After posting a request for information on a rare book listserv, Wolfe was contacted by Richard Noble, rare book cataloguer at the Hay. Noble alerted Wolfe to the presence of a broadside printed on paper made from mummy wrappings in the library's collections.
"This was a smoking gun," Wolfe said. "The broadside was the key," until "we found supporting evidence," she said.
The broadside in question is entitled "Hymn: for the bi-centennial anniversary of the settlement of Norwich, Conn." and was printed by the Chelsea Manufacturing Company, Noble said.

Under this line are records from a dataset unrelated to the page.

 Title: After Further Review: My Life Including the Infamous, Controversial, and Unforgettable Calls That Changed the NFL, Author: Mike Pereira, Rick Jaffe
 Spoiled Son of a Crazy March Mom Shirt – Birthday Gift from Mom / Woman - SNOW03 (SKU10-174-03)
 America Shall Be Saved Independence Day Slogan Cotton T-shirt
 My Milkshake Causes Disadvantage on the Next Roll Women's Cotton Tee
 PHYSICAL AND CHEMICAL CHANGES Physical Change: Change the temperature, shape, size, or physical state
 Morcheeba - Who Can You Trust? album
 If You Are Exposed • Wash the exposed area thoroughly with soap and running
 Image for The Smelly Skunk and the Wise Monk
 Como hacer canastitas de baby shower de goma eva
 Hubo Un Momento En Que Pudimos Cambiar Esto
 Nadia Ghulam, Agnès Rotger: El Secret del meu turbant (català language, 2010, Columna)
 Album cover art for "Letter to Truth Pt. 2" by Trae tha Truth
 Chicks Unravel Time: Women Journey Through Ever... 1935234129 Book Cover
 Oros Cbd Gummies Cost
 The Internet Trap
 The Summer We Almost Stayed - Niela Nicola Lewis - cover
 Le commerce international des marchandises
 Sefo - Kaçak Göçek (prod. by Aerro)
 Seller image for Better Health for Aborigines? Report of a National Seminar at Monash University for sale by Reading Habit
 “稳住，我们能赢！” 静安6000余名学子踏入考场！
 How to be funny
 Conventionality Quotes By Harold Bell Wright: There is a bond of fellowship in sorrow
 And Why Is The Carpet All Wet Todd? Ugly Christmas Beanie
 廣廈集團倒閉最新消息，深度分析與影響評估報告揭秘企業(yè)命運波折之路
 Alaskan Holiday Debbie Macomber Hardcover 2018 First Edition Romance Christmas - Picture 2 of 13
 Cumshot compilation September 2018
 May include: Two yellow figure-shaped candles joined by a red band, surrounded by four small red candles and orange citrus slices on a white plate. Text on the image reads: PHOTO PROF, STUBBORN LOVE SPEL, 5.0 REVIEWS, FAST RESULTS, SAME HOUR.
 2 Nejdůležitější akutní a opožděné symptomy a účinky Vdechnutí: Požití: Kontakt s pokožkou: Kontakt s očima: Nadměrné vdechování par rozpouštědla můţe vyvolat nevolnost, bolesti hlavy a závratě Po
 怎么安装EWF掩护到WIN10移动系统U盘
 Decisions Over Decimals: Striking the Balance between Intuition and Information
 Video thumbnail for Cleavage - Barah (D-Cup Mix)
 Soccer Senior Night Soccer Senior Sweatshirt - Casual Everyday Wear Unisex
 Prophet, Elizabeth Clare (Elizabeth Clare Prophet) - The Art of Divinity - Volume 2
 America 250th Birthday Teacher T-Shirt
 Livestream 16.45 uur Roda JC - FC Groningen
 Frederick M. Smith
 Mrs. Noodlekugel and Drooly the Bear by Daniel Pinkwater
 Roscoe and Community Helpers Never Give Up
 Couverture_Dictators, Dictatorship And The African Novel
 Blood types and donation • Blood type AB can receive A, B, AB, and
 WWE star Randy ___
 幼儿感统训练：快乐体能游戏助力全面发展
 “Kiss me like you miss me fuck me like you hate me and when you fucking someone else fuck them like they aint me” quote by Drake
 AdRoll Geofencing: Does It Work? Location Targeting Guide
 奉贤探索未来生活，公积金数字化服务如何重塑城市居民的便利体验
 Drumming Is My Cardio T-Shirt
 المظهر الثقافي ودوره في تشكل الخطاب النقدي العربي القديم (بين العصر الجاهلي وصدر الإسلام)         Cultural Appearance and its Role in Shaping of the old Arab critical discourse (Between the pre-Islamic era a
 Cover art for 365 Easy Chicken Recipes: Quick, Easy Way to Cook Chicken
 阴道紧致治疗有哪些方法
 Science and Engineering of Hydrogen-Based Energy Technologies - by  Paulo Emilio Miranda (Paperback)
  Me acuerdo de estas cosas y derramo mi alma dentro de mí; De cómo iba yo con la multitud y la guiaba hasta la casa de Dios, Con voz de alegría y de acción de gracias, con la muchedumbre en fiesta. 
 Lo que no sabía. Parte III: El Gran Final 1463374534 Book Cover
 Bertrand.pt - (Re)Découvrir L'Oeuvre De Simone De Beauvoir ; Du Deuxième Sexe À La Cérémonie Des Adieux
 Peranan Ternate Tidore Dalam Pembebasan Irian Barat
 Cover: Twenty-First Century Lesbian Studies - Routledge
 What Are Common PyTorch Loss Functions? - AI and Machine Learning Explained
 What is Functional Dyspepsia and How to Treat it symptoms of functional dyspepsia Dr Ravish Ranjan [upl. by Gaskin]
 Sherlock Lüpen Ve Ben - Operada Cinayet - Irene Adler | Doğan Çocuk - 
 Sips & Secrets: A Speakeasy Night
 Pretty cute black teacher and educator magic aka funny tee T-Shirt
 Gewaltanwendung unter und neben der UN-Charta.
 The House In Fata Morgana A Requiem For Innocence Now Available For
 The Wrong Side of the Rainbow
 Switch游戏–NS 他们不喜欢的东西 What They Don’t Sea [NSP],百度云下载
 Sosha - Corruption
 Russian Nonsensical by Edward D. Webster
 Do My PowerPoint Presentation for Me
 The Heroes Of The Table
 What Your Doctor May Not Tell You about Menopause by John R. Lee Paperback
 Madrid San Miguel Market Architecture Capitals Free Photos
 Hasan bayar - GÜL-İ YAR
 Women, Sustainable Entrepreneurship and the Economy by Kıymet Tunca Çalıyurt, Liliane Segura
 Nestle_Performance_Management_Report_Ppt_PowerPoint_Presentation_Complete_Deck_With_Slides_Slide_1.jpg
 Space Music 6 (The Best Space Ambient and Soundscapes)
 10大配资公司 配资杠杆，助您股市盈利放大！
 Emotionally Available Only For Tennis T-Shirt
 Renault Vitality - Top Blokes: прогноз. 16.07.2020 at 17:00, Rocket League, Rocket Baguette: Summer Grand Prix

"Mummy paper was once thought of as a myth, or an urban legend," Wolfe said. She said the broadside is the first document referencing the use of mummy wrappings for paper that she has come across in her research.
Since her discovery at the Hay, Wolfe has found multiple paper mills in Maine that in the 19th century produced paper from mummy wrappings. The mummies were stripped of their wrappings and the linen rags were washed before being processed, she said.
"This whole 19th-century attitude is incomprehensible to us — we're so into preservation now," Wolfe said. Some mummies were "hacked at with axes and knives," she said, to separate the linen wrappings from the bodies.
Wolfe described herself as a self-taught Egyptologist, and said her fascination with Ancient Egypt began when she was as young as three or four. Wolfe visited an art museum in Springfield, Mass., and for the first time, saw a mummy's outer coffin.
Wolfe said the biggest challenge to conducting her research is acquiring data.
"Because I'm not affiliated with a university or a doctoral program, it has been hard to get information," she said. Very little detailed work documenting the circulation of mummies around the U.S. had been done prior to her project, and museum curators do not always cooperate with requests for information, she said.
Wolfe said she intends to continue building the database as she uncovers more information — her book was just a starting point, she said. "What I would dearly love to do is produce a field book of mummies in American museums."